The major sources of energy waste in a MAC protocol are the following [2123].(i)Collision: takes place when a sensor node receives more than one packet at the same time. A collision results in discarding and retransmission of the packets which boost the energy consumption.(ii)Control packet overhead: size of the control packet used for control signaling should be as small as possible.(iii)Overhearing: occurs when a node picks up the packets destined to other nodes.(iv)Idle listening: listening to the medium for possible data flow, while energy consumption during idle listening dominates all other sources.(v)Overemitting: takes place when a message is sent to the destination even though the receiving node is not ready to accept it.

Note that the major cause of energy waste in MAC protocol is idle listening. In IEEE 802.11, power consumption during idle listening is almost the same as for receiving or transmitting data packets, which is nearly 30% of the total energy consumption in WSN [1719]. Reducing the idle listening period, thus, has been vigorously pursued, and several approaches have been proposed. Some of them are based on the manipulation of duty cycle [24]. Here the sensor nodes periodically turn off their radio and go into sleep mode, which directly shortens the idle listening period. Despite the improved duty cycle with this approach, data transmission with high energy efficiency is hard to achieve since it cannot properly reflect various traffic conditions including error, delay, and goodput [25].

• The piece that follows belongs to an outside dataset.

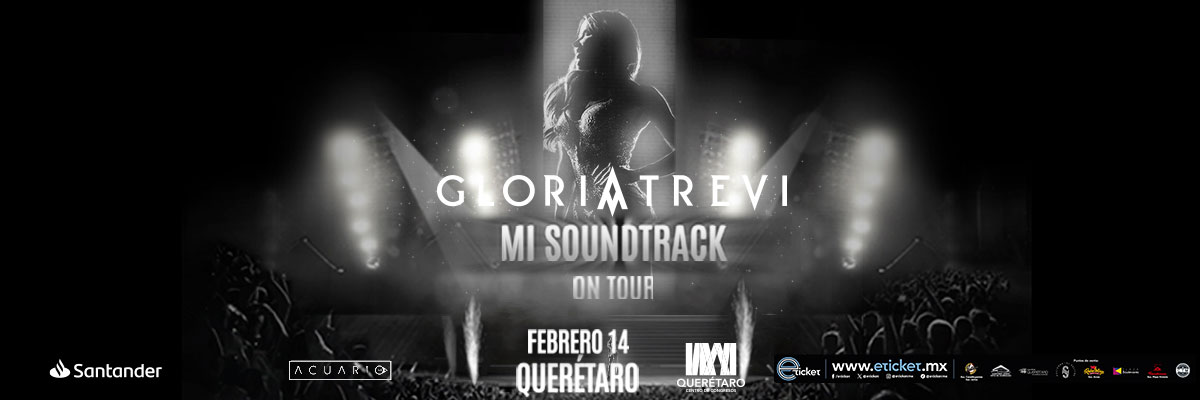 GLORIA TREVI -  MI SOUNDTRACK ON TOUR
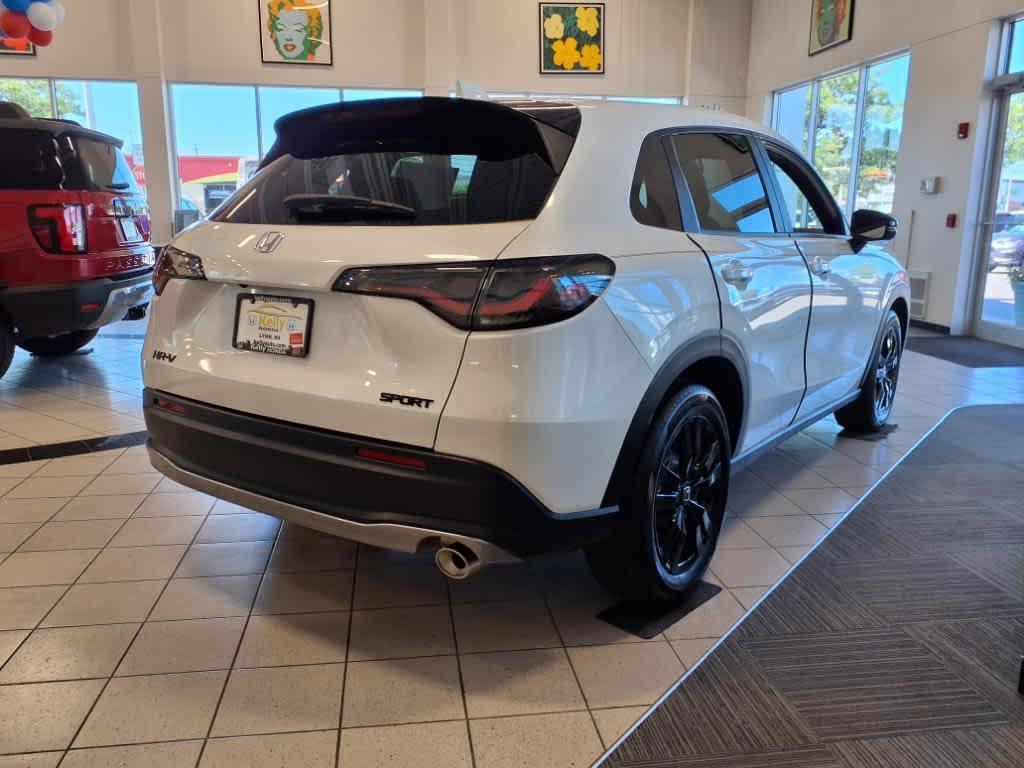 new 2026 Honda HR-V car, priced at $31,350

In this paper we propose a new energy efficient MAC protocol, called dynamic threshold MAC (DT-MAC), which consistently performs well regardless of network traffic conditions. The proposed protocol stores the packets in the buffer and transmits them when the number of packets in the buffer exceeds a threshold value so that the energy efficiency can be maximized. The threshold value of the buffer in each node is dynamically decided according to the number of hops from the source in the path of packet forwarding. The effectiveness of DT-MAC is verified through analytical modeling and computer simulation using OMNeT++ [26]. They show that the proposed DT-MAC protocol provides significant improvement in energy consumption compared to the existing MAC protocols applied to the sensor network. In addition, the DT-MAC protocol reduces the number of transmissions of control packets and supports the QoS such as fairness among the nodes and high utilization of channel capacity.

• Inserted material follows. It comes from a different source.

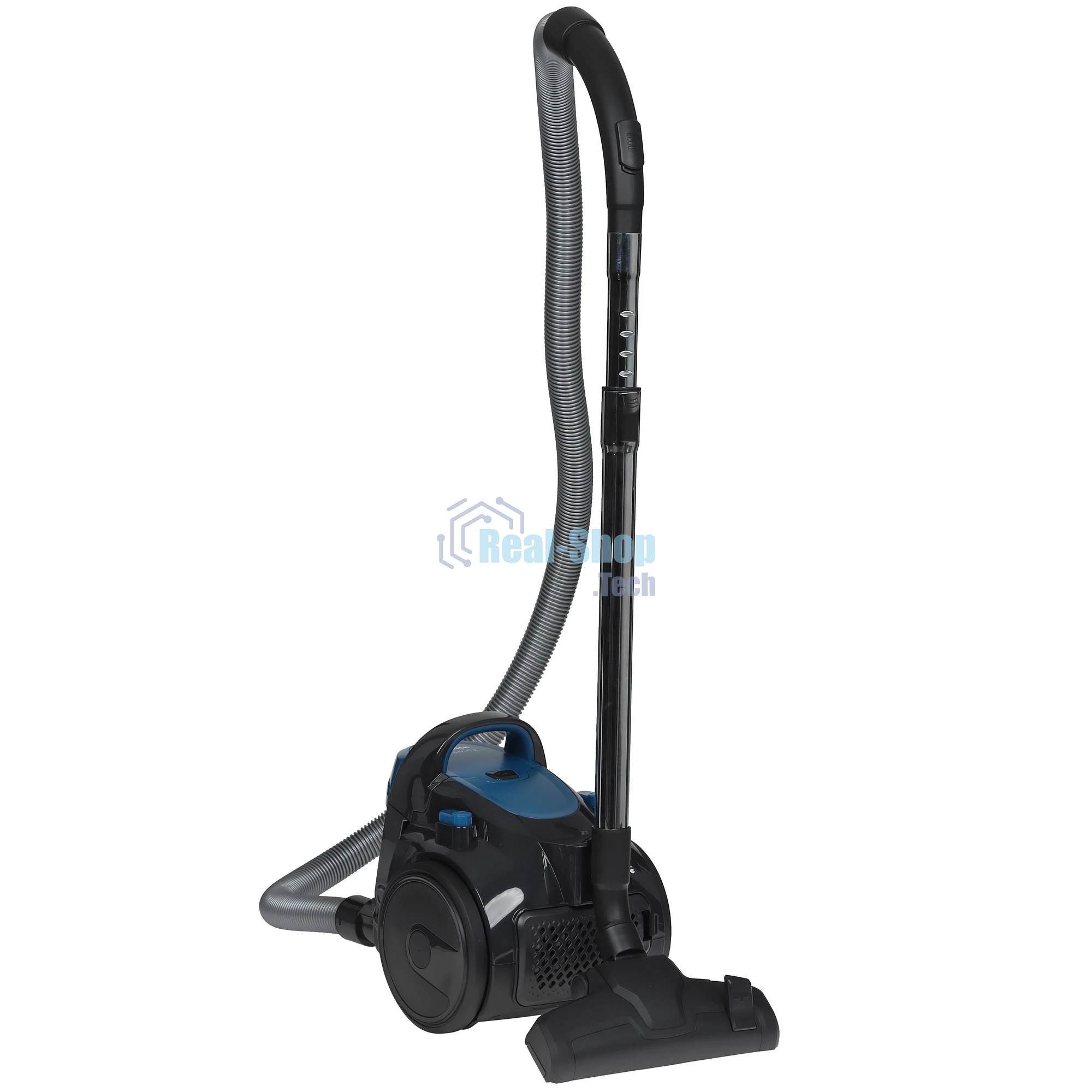 Пылесос Bosch BGS05A220 синий/серый, 700 Вт, уборка сухая, пылесборник контейнер 1.5 л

The rest of the paper is organized as follows. Section 2 presents the work related to the target research and defines the system model adopted in the DT-MAC protocol. In Section 3 the proposed DT-MAC protocol employing a dynamically adjusted buffer threshold is presented. Section 4 introduces the analytical modeling of the DT-MAC. The simulation results are presented in Section 5, and its performance is compared with two representative existing MAC protocols. We conclude the paper in Section 6.

2. Related Works

2.1. Energy Efficient MAC Protocols for WSN

Due to the energy-constrained environment, one of the most important issues in the design of WSN is energy efficiency. Various researches thus have been conducted regarding this issue. The major component consuming the energy in WSN is the radio communication such as packet transmission, reception, and idle listening. To minimize the energy consumption of the MAC protocol, an algorithm needs to be used which efficiently manages the wireless medium shared by the nodes constructing the network. Recently, a number of MAC protocols have been developed which explicitly target multi-hop sensor networks, including S-MAC [27] and T-MAC [28]. They focus on not only reducing the frequency of idle listening, but also collisions, protocol overhead, and overhearing.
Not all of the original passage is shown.